I'd also expect this to be quite similar to most everyday Linux 
uses.

> On the opposite side is an idle machine in a room with stable 
> temperature syncing over wireless or dial-up. I don't have access 
> to such machine, but in simulations (noise with exponential 
> distribution) I see that offset RMS doubles when the time constant 
> is decreased by 2.

The thing is, an idle machine in a room with stable temperature is 
in a good position anyway to have stable time, right? We should 
rather care about the common-case of temperature variations, 
reboots, etc.

That is where NTP _helps the most_ - as the physical environment is 
very entropy laden to begin with.

> Maybe for most of the users the change would be an improvement. I 
> don't have any statistics to back it up or claim otherwise. 
> However, if the constant needs to be adjusted, it's better to do 
> it in NTP.
>
> > > PLL is mainly about handling the signal noise, frequency adjusting 
> > > is secondary.
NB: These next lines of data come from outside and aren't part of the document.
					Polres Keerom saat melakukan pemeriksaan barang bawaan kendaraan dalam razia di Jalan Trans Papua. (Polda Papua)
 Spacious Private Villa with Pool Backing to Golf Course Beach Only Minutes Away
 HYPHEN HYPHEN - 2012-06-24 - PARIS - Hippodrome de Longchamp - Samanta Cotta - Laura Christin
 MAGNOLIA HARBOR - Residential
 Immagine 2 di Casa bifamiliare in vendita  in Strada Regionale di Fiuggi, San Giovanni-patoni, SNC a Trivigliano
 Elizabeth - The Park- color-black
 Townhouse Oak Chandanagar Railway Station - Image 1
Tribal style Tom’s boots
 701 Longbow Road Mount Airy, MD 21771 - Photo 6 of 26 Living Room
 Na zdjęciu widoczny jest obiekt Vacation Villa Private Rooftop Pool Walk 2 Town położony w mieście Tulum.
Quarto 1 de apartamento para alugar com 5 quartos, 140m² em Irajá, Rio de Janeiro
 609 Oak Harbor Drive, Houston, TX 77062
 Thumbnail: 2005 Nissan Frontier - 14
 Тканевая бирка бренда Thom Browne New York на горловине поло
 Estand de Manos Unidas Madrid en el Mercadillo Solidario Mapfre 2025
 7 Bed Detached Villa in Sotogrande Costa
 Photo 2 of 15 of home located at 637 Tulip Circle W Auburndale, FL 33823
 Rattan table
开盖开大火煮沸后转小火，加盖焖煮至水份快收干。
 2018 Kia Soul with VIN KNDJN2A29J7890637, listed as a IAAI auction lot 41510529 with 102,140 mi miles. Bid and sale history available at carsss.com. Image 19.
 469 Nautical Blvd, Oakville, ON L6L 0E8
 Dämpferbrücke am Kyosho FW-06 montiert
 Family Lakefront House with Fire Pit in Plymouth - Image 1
When the noise is very low or the update interval is 
> > > long enough, the frequency variations caused by temperature 
> > > changes will dominate the signal noise and this is where FLL 
> > > should kick in.
> > > 
> > > The PLL/FLL switching is controlled by update interval. Ideally it 
> > > would be adaptive, but NTP is not that sophisticated. By default, 
> > > FLL is enabled when the interval is longer than 2048 seconds. This 
> > > is of course not the optimal value for all systems.
> > > 
> > > Unfortunately in kernel it can be configured only to 2048 or 256 
> > > and NTP never uses the shorter one. The NTP daemon has its own 
> > > loop which can be used instead and it allows to use arbitrary 
> > > values though.
> > 
> > How about going towards the ideal, adaptive design, to which ntpd 
> > passes in time samples and which observes noise and converges as 
> > quickly as possible (given the noise level) and stays stable once 
> > there? I guess we need extensions to the NTP syscall for that.
> 
> Not sure how hard that would be. The ntp-hackers list is a better 
> place to discuss such modifications.
> 
> Other NTP clients don't have to use the PLL interface. For 
> example, chrony uses only the SINGLESHOT mode and sets the 
> frequency directly. It has an adaptive model using linear 
> regression, it converges really fast and in my tests performs 
> better than NTP.

That's good. Could this be integrated into the kernel, for even 
better results?

> > The NTP code in kernel/time/ntp.c is now reasonably clean for 
> > efforts like that.
> > 
> > It would also pave the way to properly support PPS devices in 
> > the kernel. Would you be interested in things like this?
> 
> I'm not very familiar with the PPS API, is there something wrong 
> with it?

The PPS patches i've seen just export IRQ timestamps to user-space.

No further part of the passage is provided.